**** INFORMATION SHOWN

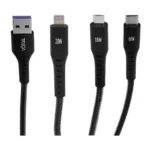 USB КАБЕЛ 1/3 ТYPE C+iOS+ANDROID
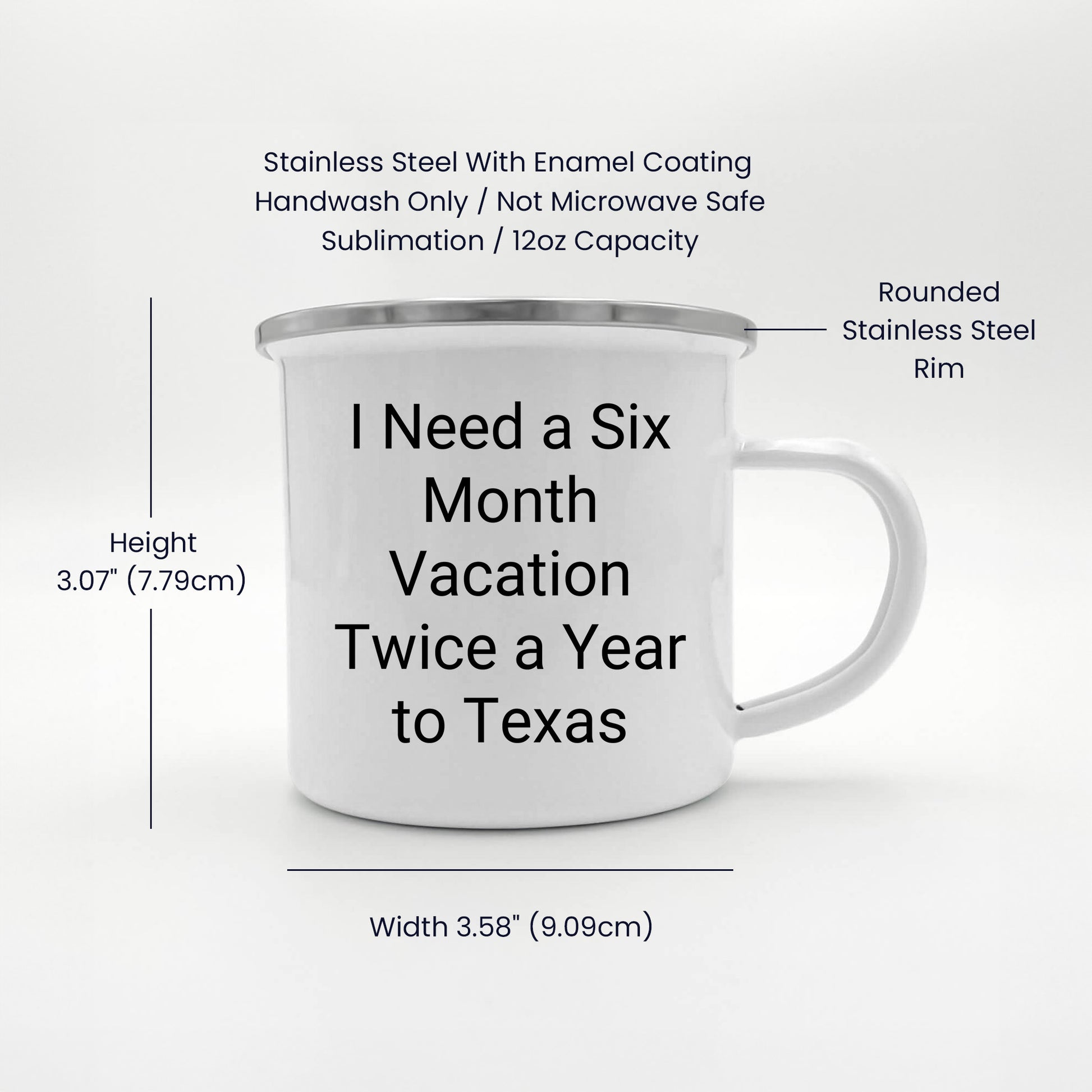 Six Month Vacation Twice a Year to Texas Camping Mug, Funny Quote, Texas Gifts from Friends or Family, Christmas Unique Gifts - Mallard Moon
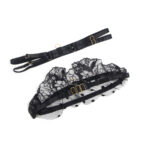 SUBBLIME - 957490 ENSEMBLE SOUTIEN-GORGE ET JARRETELLE EN DENTELLE NOIR L/XL – Image 7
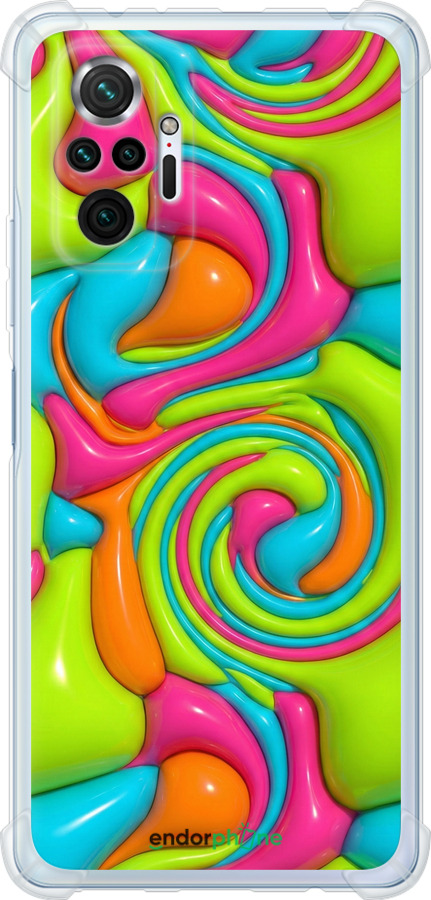 Силіконовий протиударний с посиленими кутами чехол Y2K Jelly Dream для Xiaomi Redmi Note 10 Pro - 6780sp-2297 изображение 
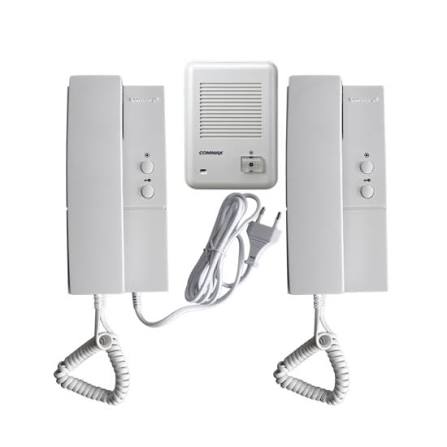 fst-60403-commax-dp-la01-m-dp-la01-s-door-phone-2-indoor-1-outdoor Commax DP-LA01(M)/DP-LA01(S) Door Phone 2 Indoor +1 Outdoor - Image 1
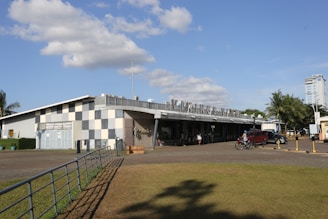 Front view of SRK Self Storage facility on Marasi Drive with clear signage.
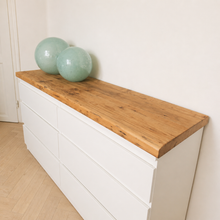 Lade das Bild in den Galerie-Viewer, Deckplatte aus Altholz für diverse IKEA Produkte
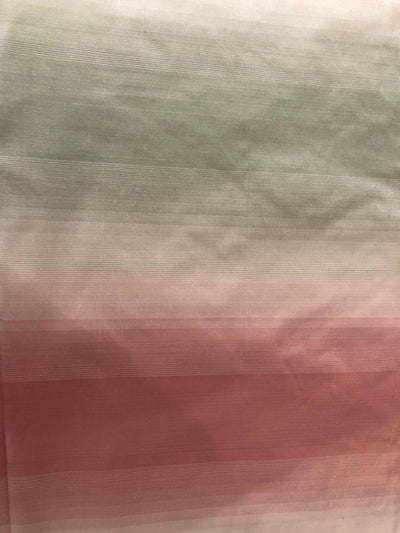 100% Silk Taffeta Fabric Gold light salmon and green stripes 54" wide TAFS22[2]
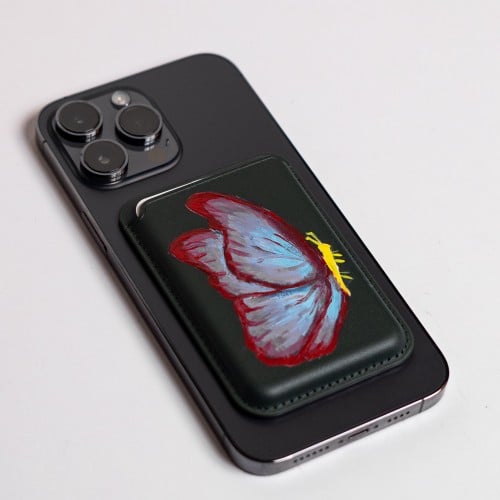 محفظة بطاقات | برسمة فراشة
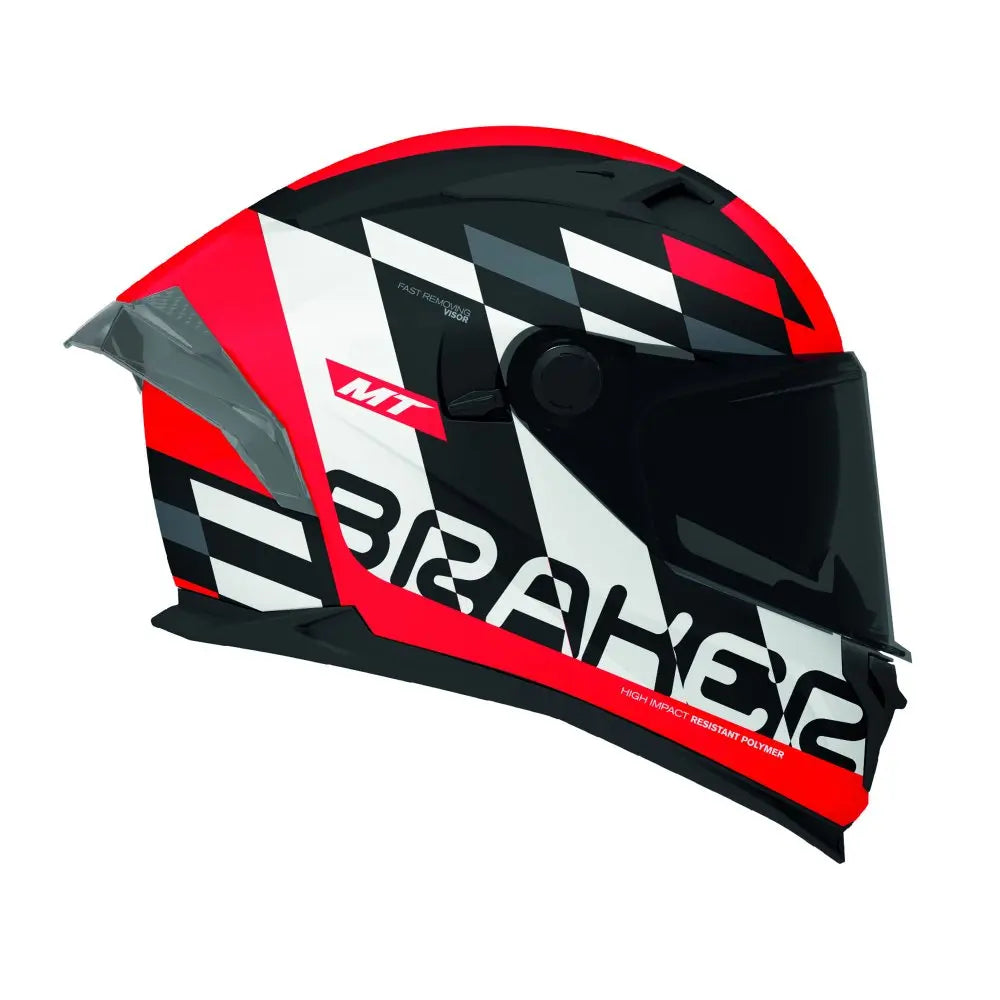 MT Braker SV Foster B5 Matt Red FREE UK Delivery, FREE 365 Day Returns | Moto Central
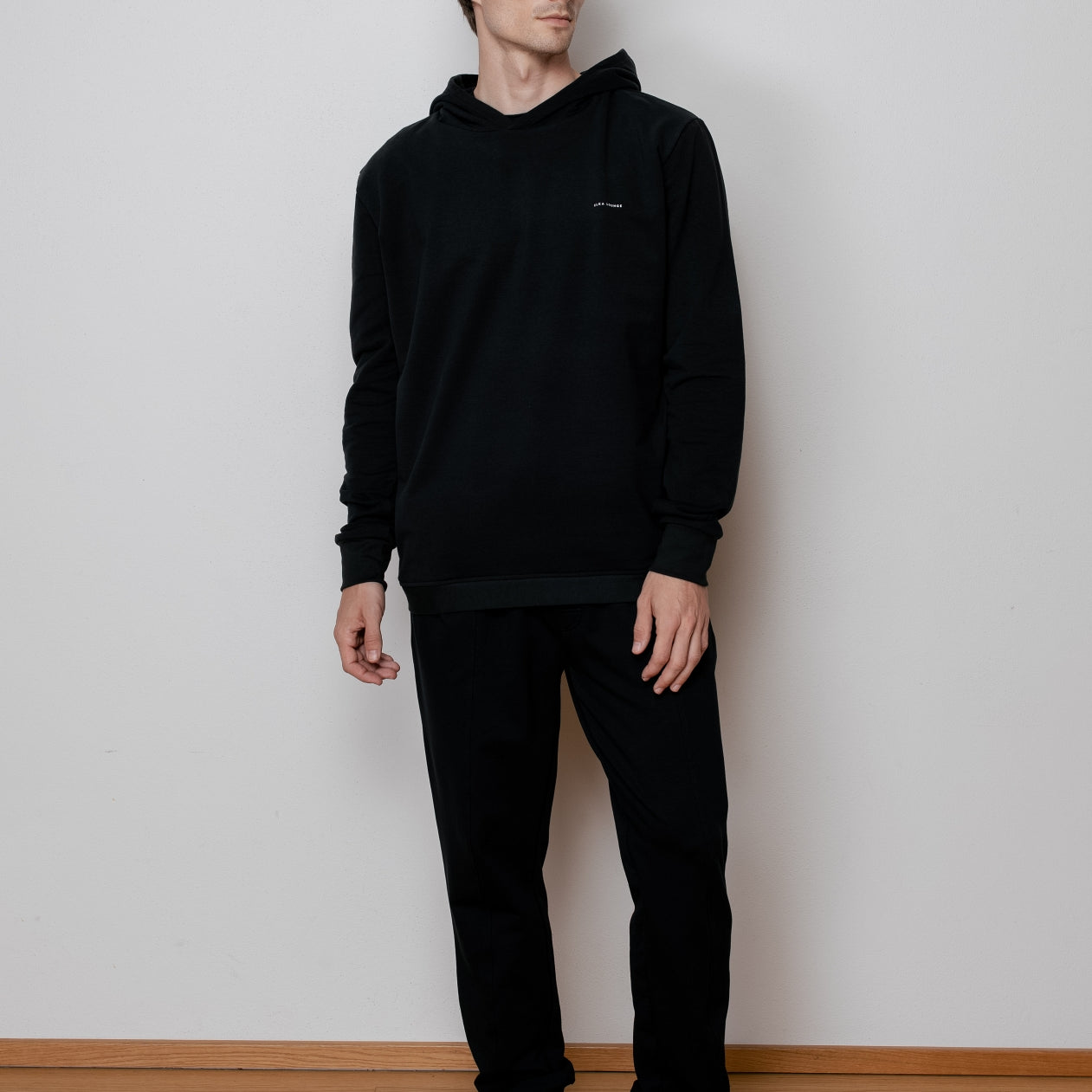 Men sweatpants organic cotton brushed - loose fit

********

* PROBLEM:
Write out the data word for word. Any picture is to be skipped.

* EXERCISE OUTPUT:
 USB КАБЕЛ 1/3 ТYPE C+iOS+ANDROID
 Six Month Vacation Twice a Year to Texas Camping Mug, Funny Quote, Texas Gifts from Friends or Family, Christmas Unique Gifts - Mallard Moon
 SUBBLIME - 957490 ENSEMBLE SOUTIEN-GORGE ET JARRETELLE EN DENTELLE NOIR L/XL – Image 7
 Силіконовий протиударний с посиленими кутами чехол Y2K Jelly Dream для Xiaomi Redmi Note 10 Pro - 6780sp-2297 изображение 
 fst-60403-commax-dp-la01-m-dp-la01-s-door-phone-2-indoor-1-outdoor Commax DP-LA01(M)/DP-LA01(S) Door Phone 2 Indoor +1 Outdoor - Image 1
 Front view of SRK Self Storage facility on Marasi Drive with clear signage.
 Lade das Bild in den Galerie-Viewer, Deckplatte aus Altholz für diverse IKEA Produkte
 100% Silk Taffeta Fabric Gold light salmon and green stripes 54" wide TAFS22[2]
 محفظة بطاقات | برسمة فراشة
 MT Braker SV Foster B5 Matt Red FREE UK Delivery, FREE 365 Day Returns | Moto Central
 Men sweatpants organic cotton brushed - loose fit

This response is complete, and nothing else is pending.